AIs are divided into type I inhibitors (suicide or noncompetitive) and type II inhibitors (competitive), both types of inhibitors compete for binding to the active site. Commonly used drugs: anastrozole, letrozole, exemestane. Exemestane is a type I inhibitor, and anastrozole and letrozole (LE) are type II inhibitors. Currently, LE has been the most intensively studied and clinically used in ovulation induction applications. The mechanism of LE ovulation induction is mainly in two aspects:

(1) In the central nervous system, LE inhibits the activity of aromatase, hinders the conversion of androgens to estrogens, and reduces the level of estrogen in the body, thereby eliminating the negative feedback effect of estrogen on the hypothalamus and pituitary gland, increasing the secretion of endogenous gonadotropin, and promoting the development of follicles and ovulation.

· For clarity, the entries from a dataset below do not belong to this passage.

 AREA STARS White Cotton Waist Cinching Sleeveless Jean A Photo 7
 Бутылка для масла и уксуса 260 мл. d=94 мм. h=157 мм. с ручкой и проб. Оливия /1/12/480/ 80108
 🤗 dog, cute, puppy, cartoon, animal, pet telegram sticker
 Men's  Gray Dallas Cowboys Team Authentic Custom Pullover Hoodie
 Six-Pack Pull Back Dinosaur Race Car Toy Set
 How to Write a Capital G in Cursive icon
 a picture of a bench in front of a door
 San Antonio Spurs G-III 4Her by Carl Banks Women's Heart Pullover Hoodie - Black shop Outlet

(2) In the periphery, the increase in androgen concentration in the follicles can cause the ovaries to temporarily and reversibly enter a polycystic ovary (PCO) state, increasing the sensitivity of the follicles to FSH/HMG. At the same time, androgens in the ovaries can promote early follicular development. Studies on primates have found that androgens can promote the proliferation of theca cells and granulosa cells and inhibit their apoptosis, thereby increasing the number of preantral follicles and antral follicles. This effect may be mainly achieved through the regulation of androgen receptors, because the androgen receptors in granulosa cells of the early follicular stage are several times higher than those in mature follicles, and their gene expression levels are also higher. As androgen levels rise, insulin-like growth factor I increases in the follicles, which synergizes with other endocrine and paracrine factors to increase the effect of FSH in promoting follicle recruitment and development. LE is a synthetic triphenyltriazole derivative and an oral, highly specific third-generation aromatase inhibitor. Many studies have shown that LE ovulation induction can achieve similar ovulation effects as CC and is an effective ovulation induction drug. At the same time, it can overcome the adverse effects of CC on the endometrium and cervical mucus, and can be used in patients with low response to CC.

6. Chinese medicine for promoting ovulation

According to traditional Chinese medicine theory, the kidney is the foundation of one’s constitution, stores essence and controls reproduction. Fullness of kidney qi and abundant essence and blood are the basis for the development and maturation of follicles; the regulation of Chong and Ren qi and blood and the normal transformation of kidney yin and yang are the conditions for ovulation; sufficient kidney essence and abundant kidney yang after ovulation are the key to maintaining normal corpus luteum function. If the kidney essence is insufficient, the qi will be unable to transform, the blood will not flow smoothly, and even blood stasis will occur. Therefore, the imbalance of yin and yang in the kidney and the insufficient function of producing body fluid, transforming qi and blood can lead to malnutrition or obstruction of the Chong and Ren meridians, causing ovulation disorders and ultimately leading to menstrual disorders and infertility. Kidney deficiency is the root cause and blood stasis is the symptom, so tonifying the kidney and regulating yin and yang are the fundamentals to restoring ovulation.